For both the two timeout cases below, the return is unstable, beeing sometimes 0 and sometimes -1, Case 1: timeout.tv_sec = 0; timeout.tv_usec = 1; ->if 0 is the return of getsockopt(), it sets tv_usec to 4000. Case 2: timeout.tv_sec = 0; timeout.tv_usec = 20; ->if 0 is the return of getsockopt(), it sets tv_usec to 4000.

Allthough the timeout seems still not beeing respected.

The

*psock = socket(PF_PACKET, SOCK_RAW | SOCK_NONBLOCK, htons(ETH_P_ECAT));

results in

terminate called after throwing an instance of 'std::system_error'
  what():  Resource deadlock avoided

with and without the setsocket() calls.

Oct 02 '20 08:10 fmros

I just tested the code on my linux box running preempt-rt. I could replicate the timeout problem. Diving into to sock.c code from linux I found the reason. The timeouts are always rounded up to the nearest system tick. The default for Debian is 250Hz, ergo the minimum timeout value is 4ms.

I also verified SOCK_NONBLOCK, and it works as expected. No terminates or whatever. The timeouts from different SOEM functions is now adhered to within a few us.

I advise to try with default simple_test to see if the problem is not somewhere in your code.

What is very important, when using small timeout values, is to set the proper parameters of the NIC with ethtool (read drvcomment.txt). Otherwise coalescing times could be larger than the SOEM timeouts leading to strange behaviour.

Oct 02 '20 11:10 ArthurKetels

I was able to get

 *psock = socket(PF_PACKET, SOCK_RAW | SOCK_NONBLOCK, htons(ETH_P_ECAT));

working. I can confirm that the timeout is working with this tweak on my Ubuntu 18.04 5.4.54-rt32 and Realtek NIC. After a missing response from the slaves, the master sends a BRD message after the specified timeout. Have to test this on another platform still. Can you confirm @grandphil too?

Oct 15 '20 10:10 fmros

@grandphil , can this be closed

Feb 09 '21 06:02 nakarlsson

Related?

A customer running Debian reported that their recv was blocking up to 10ms. They solved their issue by using, se below, would it make sense to add that to the nic_drv.c default?

bytesrx = recv(*stack->sock, (*stack->tempbuf), lp, MSG_DONTWAIT);

Feb 26 '21 17:02 nakarlsson

@grandphil , can this issue be closed?

May 28 '21 06:05 nakarlsson

@grandphil , can this issue be closed? did you test this on a platform yourself too?

May 28 '21 06:05 fmros

Hi all, I also have this problem. I'm running Debian 10 with 4.19.191-rt80 and when the connection is lost ec_receive_processdata() blocks for at least 4ms (probably related to system timer of 250Hz) before returning -1. I've tried the above solutions but none of them work. The controller is I210, with igb driver. I'm now compiling 5.4.115-rt57, (this time with 1000Hz system timer). I will update when finished.

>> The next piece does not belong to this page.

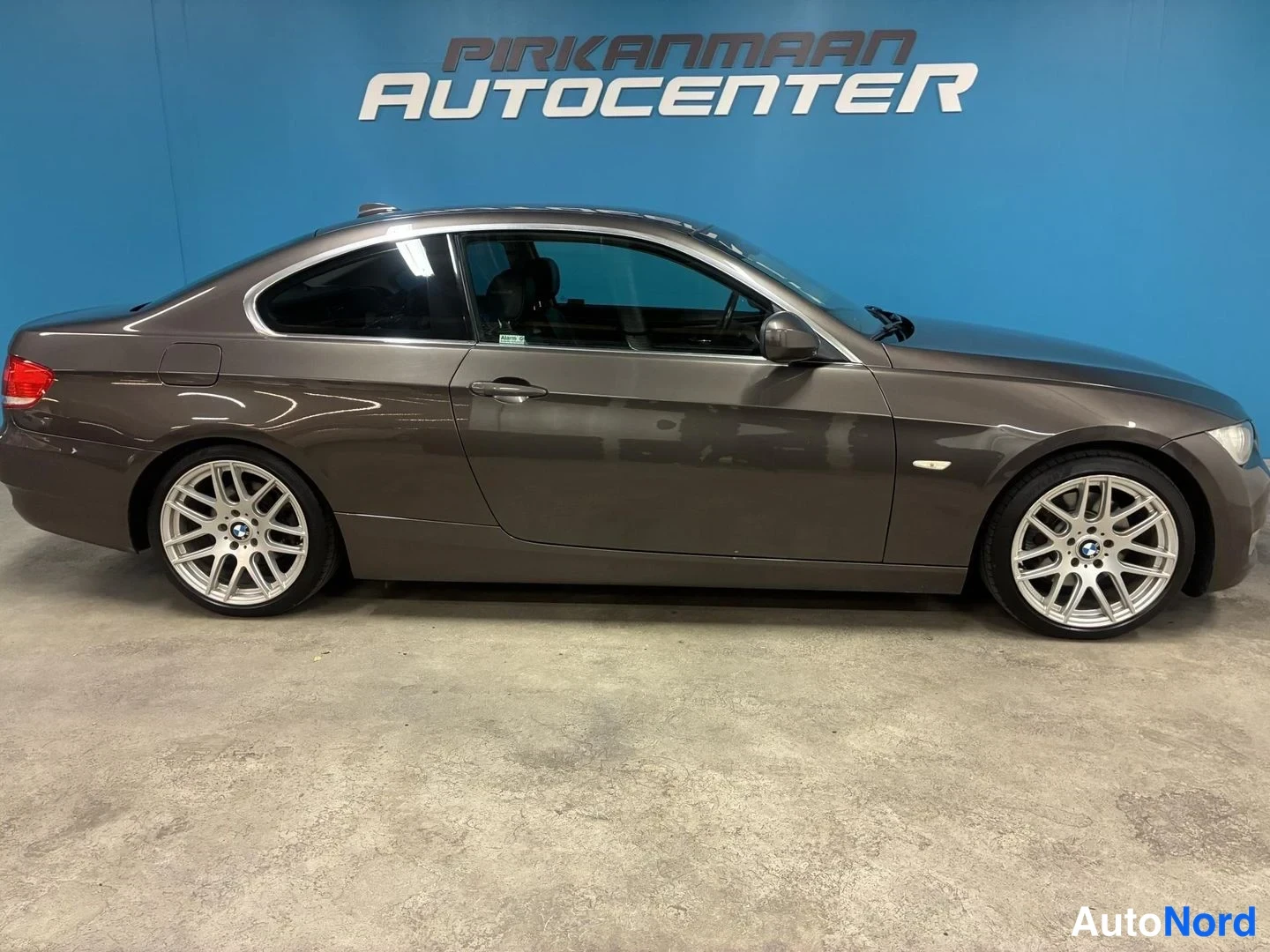 Harmaa BMW 325i 2010, sivulta, kuva 4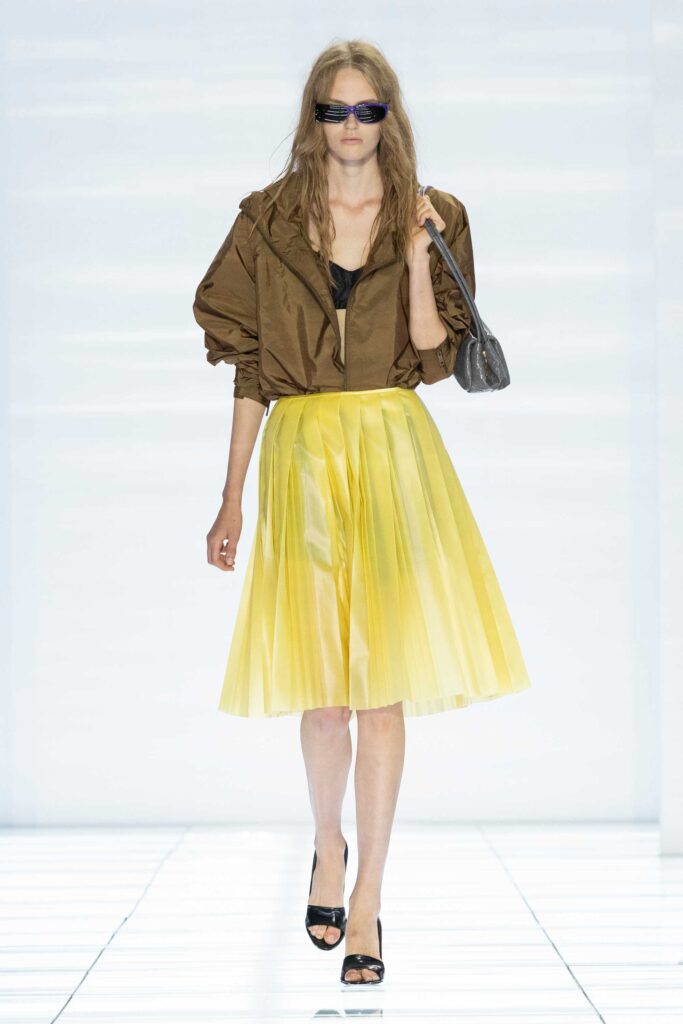 prada donna ss27 048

Edit: Sorry for the noise, I thought that 4ms was somewhat related to the system timer, but actually is just the double of EC_TIMEOUTRET that I was using in ec_receive_processdata(). Reducing the timeout to 500 has reduced that to 1ms (I don't know why is the double).

I confirm that with my configuration (4.19.191-rt80 and I210) the proposed fix (add SOCK_NONBLOCK) has reduced the actual timeout from some multiple of 4ms (I see 20ms and 8ms) to ~1ms.

Thank you.

Jun 04 '21 07:06 matperc

Hi,

Seems I am a bit too late on the topic, but I thought I'd share my view on this.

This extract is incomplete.